Retype the entries below exactly, and keep every picture out of your version.
[Entries supplied]
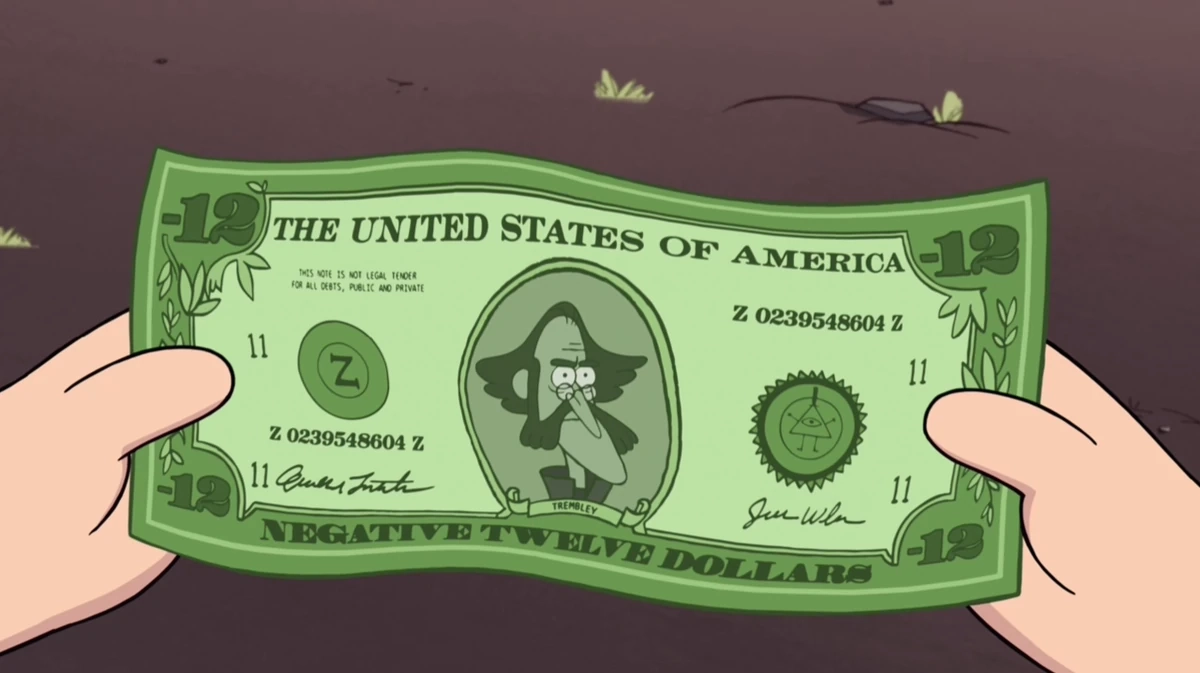 Negative Twelve Dollar Bill Gravity Falls Wiki Fandom
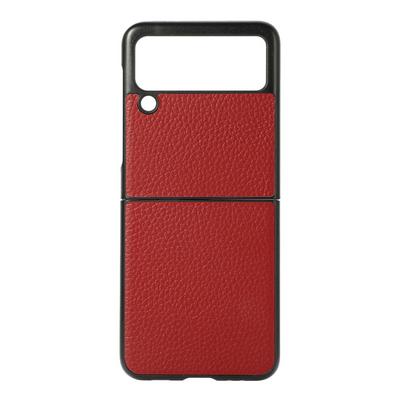 For Samsung Galaxy Z Flip3 5G Genuine Leather Lychee Pattern Shockproof Anti-Scratch Hard PC Back Cover Case
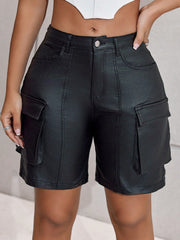 Apperloth Women PU Leather Pockets Shorts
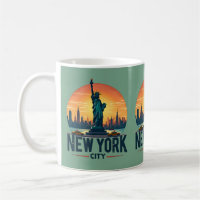 Retro New York City Skyline with Statue of Liberty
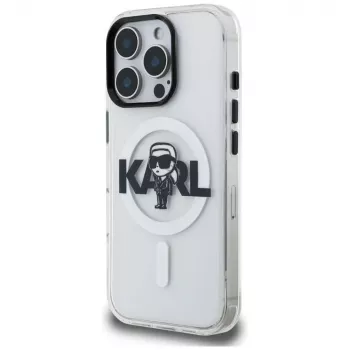 Karl Lagerfeld IML Karl Sketch Logo Custodia MagSafe per iPhone 16 Pro Max, trasparente
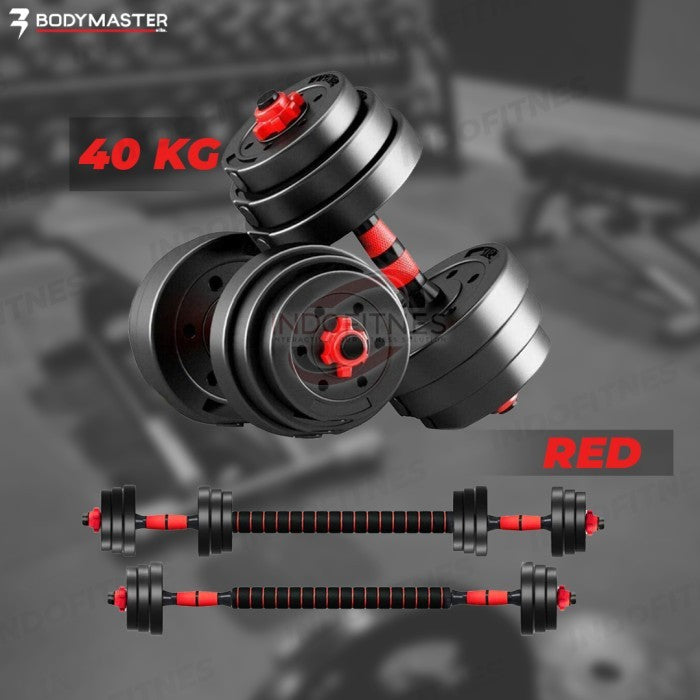 BODYMASTER 40KG BM-A015 Adjustable Dumbell Barbell ABS PVC dumbel - Kettle Handle, BELUM ONGKIR
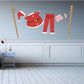 Santa-themed clothing laundry wall decal with red coat, pants, and socks
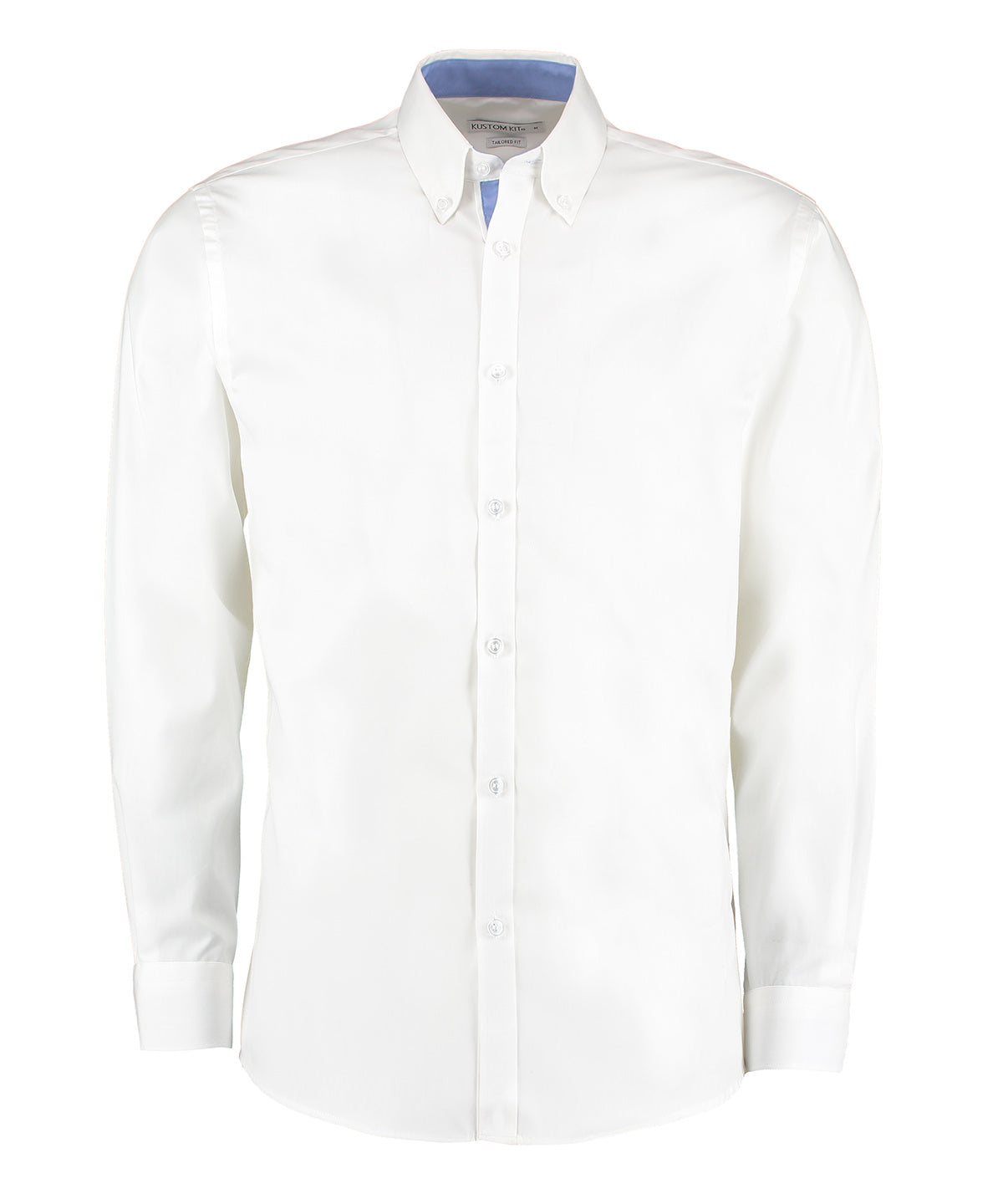 Shirts - Premium Oxfordskjorta med Kontrastdetaljer White Mid Blue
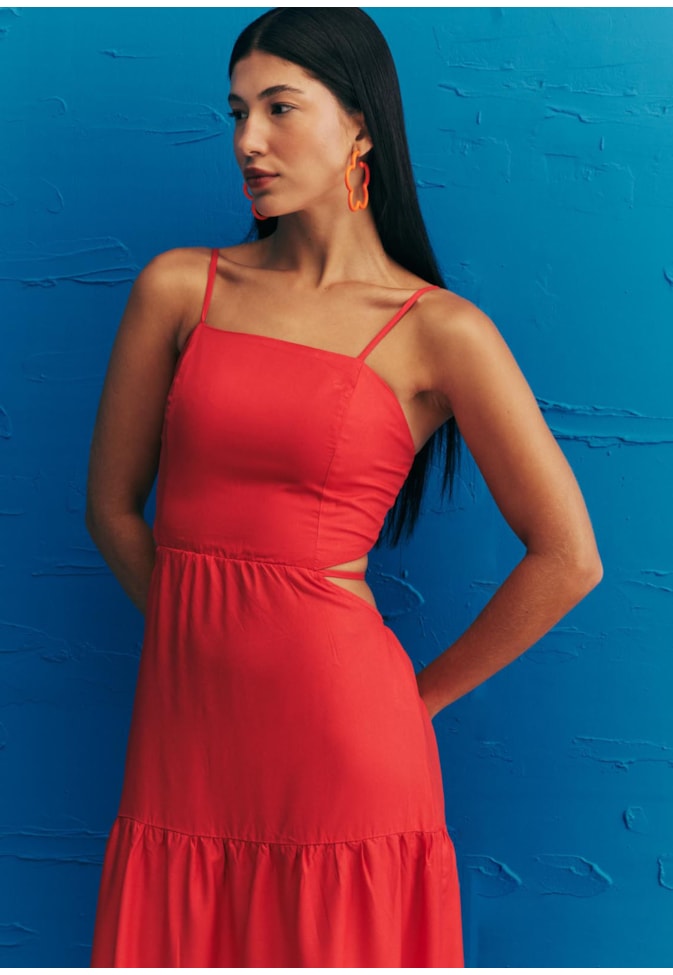 Vestido Longo Detalhe Cintura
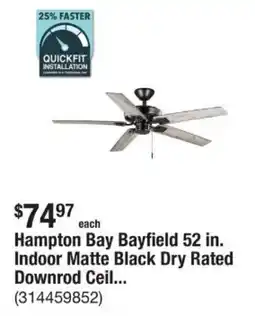 The Home Depot Hampton Bay Bayfield 52 in. Indoor Matte Black Dry Rated Downrod Ceil... offer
[/Entries supplied]
▸ **Worked solution**:
 Negative Twelve Dollar Bill Gravity Falls Wiki Fandom
 For Samsung Galaxy Z Flip3 5G Genuine Leather Lychee Pattern Shockproof Anti-Scratch Hard PC Back Cover Case
 Apperloth Women PU Leather Pockets Shorts
 Retro New York City Skyline with Statue of Liberty
 Karl Lagerfeld IML Karl Sketch Logo Custodia MagSafe per iPhone 16 Pro Max, trasparente
 BODYMASTER 40KG BM-A015 Adjustable Dumbell Barbell ABS PVC dumbel - Kettle Handle, BELUM ONGKIR
 Santa-themed clothing laundry wall decal with red coat, pants, and socks
 Shirts - Premium Oxfordskjorta med Kontrastdetaljer White Mid Blue
 Vestido Longo Detalhe Cintura
 The Home Depot Hampton Bay Bayfield 52 in. Indoor Matte Black Dry Rated Downrod Ceil... offer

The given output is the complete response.